A 2ª Turma Criminal do Tribunal de Justiça do Distrito Federal e Territórios confirmou, nesta quinta-feira (1º/7), a pronúncia de Eleni Santana Ramos. Ela foi denunciada pelo Ministério Público por aborto de um feto de sete meses.

A 2ª Turma Criminal do Tribunal de Justiça do Distrito Federal e Territórios confirmou, nesta quinta-feira (1º/7), a pronúncia de Eleni Santana Ramos. Ela foi denunciada pelo Ministério Público por aborto de um feto de sete meses.

Segundo informações do TJ do Distrito Federal, os desembargadores rejeitaram, por unanimidade, a alegação da defesa de que não houve crime de ocultação de cadáver por se tratar de um feto morto. Com a decisão, a acusada deve ir a julgamento popular, no Tribunal de Júri.

A sentença de pronúncia por crime doloso contra a vida foi baseada nos artigos 124 e 211 do Código Penal Brasileiro — aborto provocado e ocultação de cadáver.

Conforme os autos, o crime ocorreu em dezembro de 1997. Para estimular o aborto, Eleni Ramos tomou quatro comprimidos de “Citotec”, comprado por R$ 150 de um ambulante que mantinha comércio próximo à rodoviária do Plano Piloto. Como passou mal, foi socorrida pelo marido e levada ao hospital.

De acordo com o depoimento prestado pela própria denunciada, o feto foi retirado em casa, sem a ajuda de terceiros. Após o aborto, o feto foi enrolado em uma camiseta, colocado numa caixa de papelão e enterrado, em seguida, no lote onde ela morava.

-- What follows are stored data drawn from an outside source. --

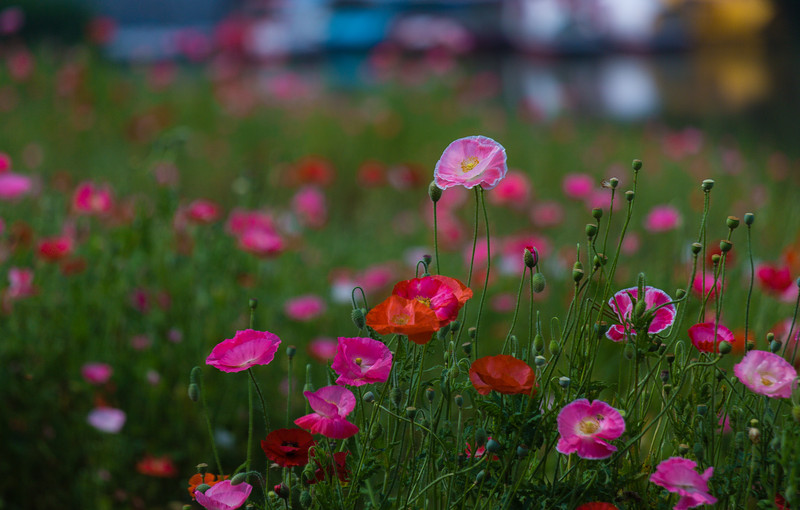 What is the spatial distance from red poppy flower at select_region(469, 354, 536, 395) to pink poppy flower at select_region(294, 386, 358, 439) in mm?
142

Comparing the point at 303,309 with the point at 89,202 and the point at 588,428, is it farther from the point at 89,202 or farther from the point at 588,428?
the point at 588,428

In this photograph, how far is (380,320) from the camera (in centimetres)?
81

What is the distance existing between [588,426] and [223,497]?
378mm

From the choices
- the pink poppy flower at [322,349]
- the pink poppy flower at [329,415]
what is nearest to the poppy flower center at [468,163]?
the pink poppy flower at [329,415]

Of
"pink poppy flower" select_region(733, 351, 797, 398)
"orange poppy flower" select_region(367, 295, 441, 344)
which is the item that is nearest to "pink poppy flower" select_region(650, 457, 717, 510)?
"pink poppy flower" select_region(733, 351, 797, 398)

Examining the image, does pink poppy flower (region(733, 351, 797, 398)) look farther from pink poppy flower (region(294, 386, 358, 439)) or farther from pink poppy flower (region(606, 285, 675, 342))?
pink poppy flower (region(294, 386, 358, 439))

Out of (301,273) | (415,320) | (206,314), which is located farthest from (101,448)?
(415,320)

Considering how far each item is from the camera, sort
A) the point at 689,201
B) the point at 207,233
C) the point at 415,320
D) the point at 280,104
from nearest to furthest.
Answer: the point at 415,320
the point at 207,233
the point at 689,201
the point at 280,104

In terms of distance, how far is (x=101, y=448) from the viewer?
1620 mm

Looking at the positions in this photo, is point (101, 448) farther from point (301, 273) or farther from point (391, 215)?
point (391, 215)

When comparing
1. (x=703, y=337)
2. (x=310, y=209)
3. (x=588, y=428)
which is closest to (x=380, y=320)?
(x=588, y=428)

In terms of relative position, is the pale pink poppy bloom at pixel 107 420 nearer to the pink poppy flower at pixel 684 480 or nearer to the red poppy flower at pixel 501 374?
the red poppy flower at pixel 501 374

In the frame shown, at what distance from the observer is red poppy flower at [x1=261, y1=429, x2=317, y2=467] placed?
33.3 inches

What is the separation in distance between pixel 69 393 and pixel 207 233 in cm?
49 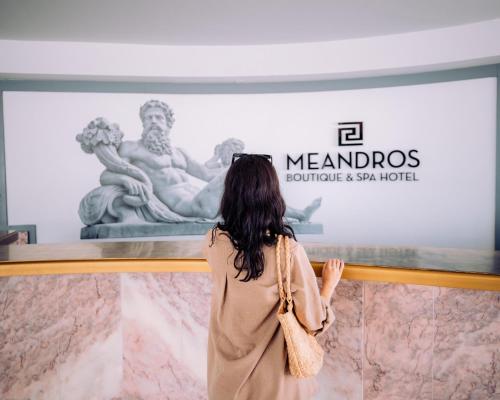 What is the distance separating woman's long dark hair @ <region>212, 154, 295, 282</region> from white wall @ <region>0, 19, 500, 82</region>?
3.58 metres

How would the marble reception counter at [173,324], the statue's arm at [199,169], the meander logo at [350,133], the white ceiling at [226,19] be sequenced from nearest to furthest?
the marble reception counter at [173,324], the white ceiling at [226,19], the meander logo at [350,133], the statue's arm at [199,169]

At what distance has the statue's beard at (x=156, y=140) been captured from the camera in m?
4.61

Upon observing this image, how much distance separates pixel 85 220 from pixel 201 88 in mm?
2160

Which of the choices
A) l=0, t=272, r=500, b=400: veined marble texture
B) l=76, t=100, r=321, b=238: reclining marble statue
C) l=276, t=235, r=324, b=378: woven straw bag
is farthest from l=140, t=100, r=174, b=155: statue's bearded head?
l=276, t=235, r=324, b=378: woven straw bag

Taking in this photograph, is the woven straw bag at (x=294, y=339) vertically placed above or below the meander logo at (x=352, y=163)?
below

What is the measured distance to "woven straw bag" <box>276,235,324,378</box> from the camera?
45.0 inches

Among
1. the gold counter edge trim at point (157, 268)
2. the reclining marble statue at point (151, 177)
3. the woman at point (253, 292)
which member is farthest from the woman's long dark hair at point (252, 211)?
the reclining marble statue at point (151, 177)

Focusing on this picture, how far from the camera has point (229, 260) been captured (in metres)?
1.19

A defesa pediu impronúncia da ré quanto ao artigo 211, do Código Penal, que trata de ocultação de cadáver. Para os advogados, o feto não pode ser condiderado um cadáver para ser ocultado.

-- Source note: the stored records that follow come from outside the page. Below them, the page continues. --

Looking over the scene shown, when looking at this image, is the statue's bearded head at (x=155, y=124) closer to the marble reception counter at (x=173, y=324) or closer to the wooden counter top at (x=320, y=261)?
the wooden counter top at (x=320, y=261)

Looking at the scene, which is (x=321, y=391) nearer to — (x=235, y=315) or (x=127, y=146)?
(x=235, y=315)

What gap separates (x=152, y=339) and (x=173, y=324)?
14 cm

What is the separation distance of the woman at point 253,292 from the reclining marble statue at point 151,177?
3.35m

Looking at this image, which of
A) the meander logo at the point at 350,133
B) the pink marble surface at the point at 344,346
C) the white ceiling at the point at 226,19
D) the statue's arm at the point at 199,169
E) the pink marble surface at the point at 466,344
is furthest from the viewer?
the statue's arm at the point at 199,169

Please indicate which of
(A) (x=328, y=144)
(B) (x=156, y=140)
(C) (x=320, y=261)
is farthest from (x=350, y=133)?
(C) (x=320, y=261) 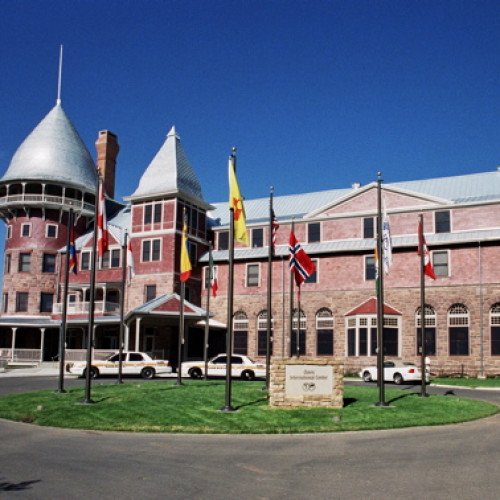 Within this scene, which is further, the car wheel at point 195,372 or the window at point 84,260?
the window at point 84,260

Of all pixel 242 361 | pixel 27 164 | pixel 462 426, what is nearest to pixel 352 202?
pixel 242 361

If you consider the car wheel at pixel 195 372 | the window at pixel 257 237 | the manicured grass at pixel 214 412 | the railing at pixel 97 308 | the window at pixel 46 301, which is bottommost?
the manicured grass at pixel 214 412

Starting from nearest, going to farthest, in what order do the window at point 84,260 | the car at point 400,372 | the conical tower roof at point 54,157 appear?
the car at point 400,372 → the window at point 84,260 → the conical tower roof at point 54,157

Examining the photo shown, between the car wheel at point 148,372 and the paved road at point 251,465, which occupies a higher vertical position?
the car wheel at point 148,372

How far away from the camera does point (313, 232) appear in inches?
2036

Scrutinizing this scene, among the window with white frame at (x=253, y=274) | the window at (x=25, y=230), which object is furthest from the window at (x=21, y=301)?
the window with white frame at (x=253, y=274)

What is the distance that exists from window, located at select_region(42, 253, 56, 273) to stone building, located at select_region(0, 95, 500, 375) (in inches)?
3.7

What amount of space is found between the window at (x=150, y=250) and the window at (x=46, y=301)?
10.8 metres

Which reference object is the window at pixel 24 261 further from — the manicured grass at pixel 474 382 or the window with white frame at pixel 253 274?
the manicured grass at pixel 474 382

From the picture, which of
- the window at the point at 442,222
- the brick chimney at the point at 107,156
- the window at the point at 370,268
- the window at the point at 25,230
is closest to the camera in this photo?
the window at the point at 442,222

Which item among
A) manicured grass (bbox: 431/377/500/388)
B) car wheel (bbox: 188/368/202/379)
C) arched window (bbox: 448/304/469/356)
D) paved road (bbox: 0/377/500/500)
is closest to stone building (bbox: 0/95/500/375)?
arched window (bbox: 448/304/469/356)

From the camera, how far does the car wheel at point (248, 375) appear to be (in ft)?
123

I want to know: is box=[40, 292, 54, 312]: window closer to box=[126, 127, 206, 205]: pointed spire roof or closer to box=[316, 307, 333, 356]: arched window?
box=[126, 127, 206, 205]: pointed spire roof

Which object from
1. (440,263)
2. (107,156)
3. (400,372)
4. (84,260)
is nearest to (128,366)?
(400,372) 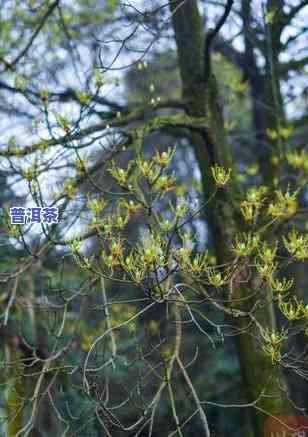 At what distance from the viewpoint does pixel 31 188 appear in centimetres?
316

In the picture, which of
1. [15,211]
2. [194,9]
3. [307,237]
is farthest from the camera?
[194,9]

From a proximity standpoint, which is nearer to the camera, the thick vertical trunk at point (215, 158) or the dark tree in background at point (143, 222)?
the dark tree in background at point (143, 222)

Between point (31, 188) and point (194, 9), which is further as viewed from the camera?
point (194, 9)

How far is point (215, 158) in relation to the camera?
4.89 metres

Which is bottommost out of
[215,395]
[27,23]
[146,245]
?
[215,395]

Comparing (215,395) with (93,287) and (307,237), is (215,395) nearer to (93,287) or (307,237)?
(93,287)

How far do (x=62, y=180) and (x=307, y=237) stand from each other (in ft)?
5.87

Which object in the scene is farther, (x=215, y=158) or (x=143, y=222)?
(x=143, y=222)

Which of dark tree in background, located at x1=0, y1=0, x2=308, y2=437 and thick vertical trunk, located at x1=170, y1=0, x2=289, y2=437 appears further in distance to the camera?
thick vertical trunk, located at x1=170, y1=0, x2=289, y2=437

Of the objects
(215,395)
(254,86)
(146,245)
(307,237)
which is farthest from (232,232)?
(215,395)

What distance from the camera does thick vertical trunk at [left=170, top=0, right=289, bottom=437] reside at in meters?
4.66

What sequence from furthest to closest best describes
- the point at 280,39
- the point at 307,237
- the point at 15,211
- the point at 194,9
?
the point at 280,39 → the point at 194,9 → the point at 15,211 → the point at 307,237

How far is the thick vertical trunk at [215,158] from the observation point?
15.3 ft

Ao contrário do sustentando pela defesa, a 2ª Turma entendeu que o feto com mais de seis meses é cadáver por ter vida extra-uterina viável, nos termos do artigo 388 do Código Civil Brasileiro.

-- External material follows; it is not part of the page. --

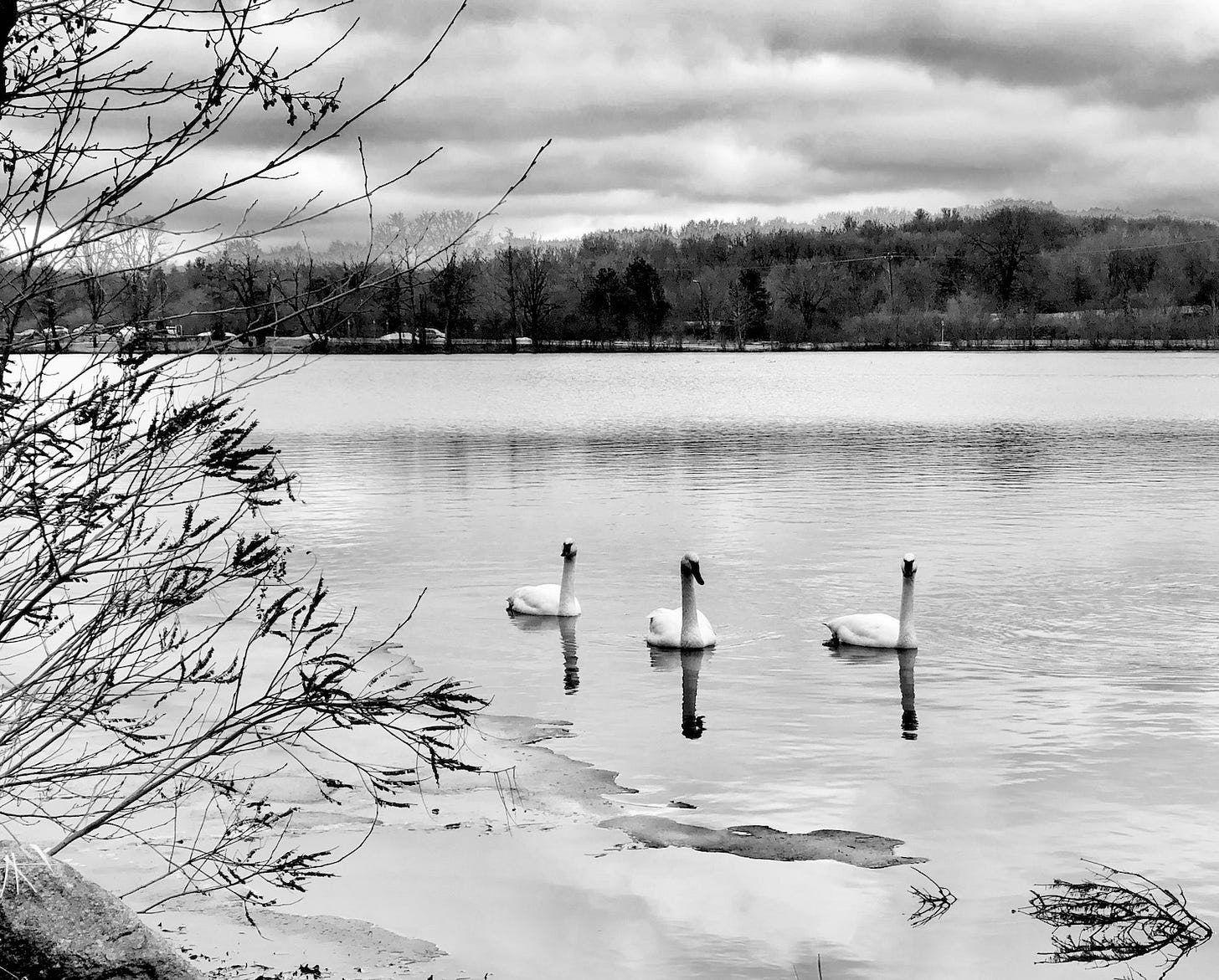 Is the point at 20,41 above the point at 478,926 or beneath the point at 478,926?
above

“Cadáver é o corpo do ser humano morto enquanto conserva aparência de pessoa. A proteção se estende também ao corpo morto do ser humano em formação, não só ao natimorto, mas também ao que já tendo corpo com aparência de ser humano, tenha morrido antes de atingir a viabilidade”, concluíram os desembargadores.